Difficile de cerner ce personnage, mais malgré le peu d'attrait qu'il exerce sur moi je prends plaisir à lire son histoire racontée par
Fabien Nury et mise en image par Sylvain Vallée.
Encore une fois, je reconnais un gros travail de recherches pour bâtir le scénario, l'ambiance de l'époque est bien reconstituée et les dessins de Sylvain Vallée servent bien l'histoire.
Je trouve que les personnages sont expressifs et que cela reflète leurs caractères.
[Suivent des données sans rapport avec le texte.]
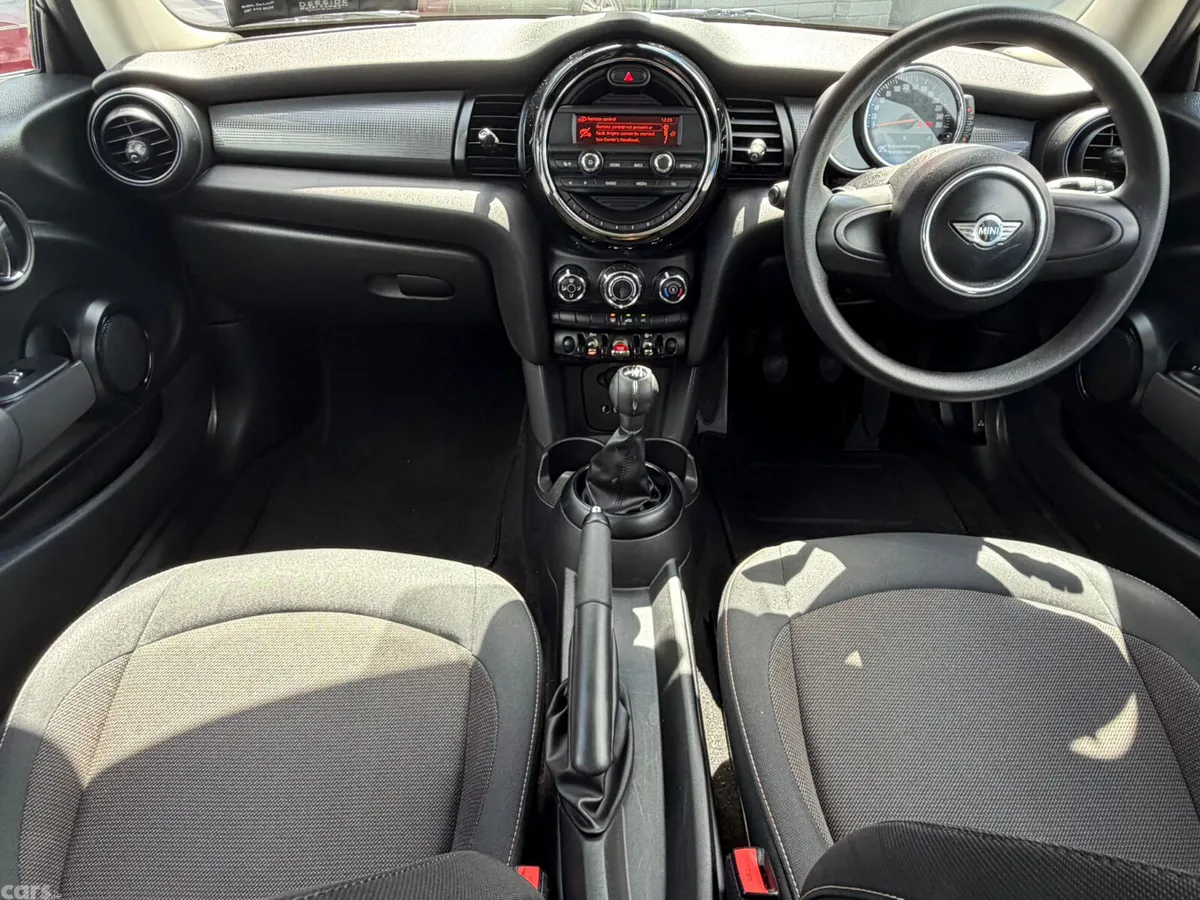 Mini Cooper Hatchback, Petrol, 2018, White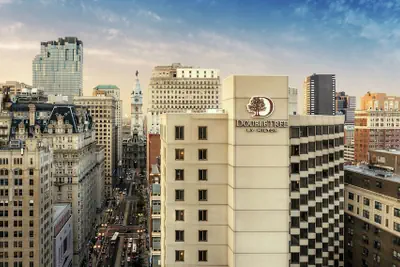 Photo 2 - DoubleTree by Hilton Philadelphia Center City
Ainsi, Eva, la femme de Joseph, a le visage taillé à coup de serpe, une bouche dure et des traits crispés, il faut dire qu'elle est agacée par l'attitude de son mari et que je ne peux que lui donner raison ; Lucie est d'une certaine beauté mais ses yeux reflètent qu'il vaut mieux se méfier d'elle ; Joseph sous son aspect rond n'en est pas pour autant jovial ; quant aux allemands ils sont peu sympathiques sans que cela tombe toutefois dans le cliché.
Nettement moins brouillon que le précédent opus, "Le Vol Noir des Corbeaux" dresse une France sombre dans l'époque tourmentée de la Seconde Guerre Mondiale à travers le personnage tout aussi sombre et complexe qu'était Joseph Joanovici.
Une belle saga littéraire a vu le jour.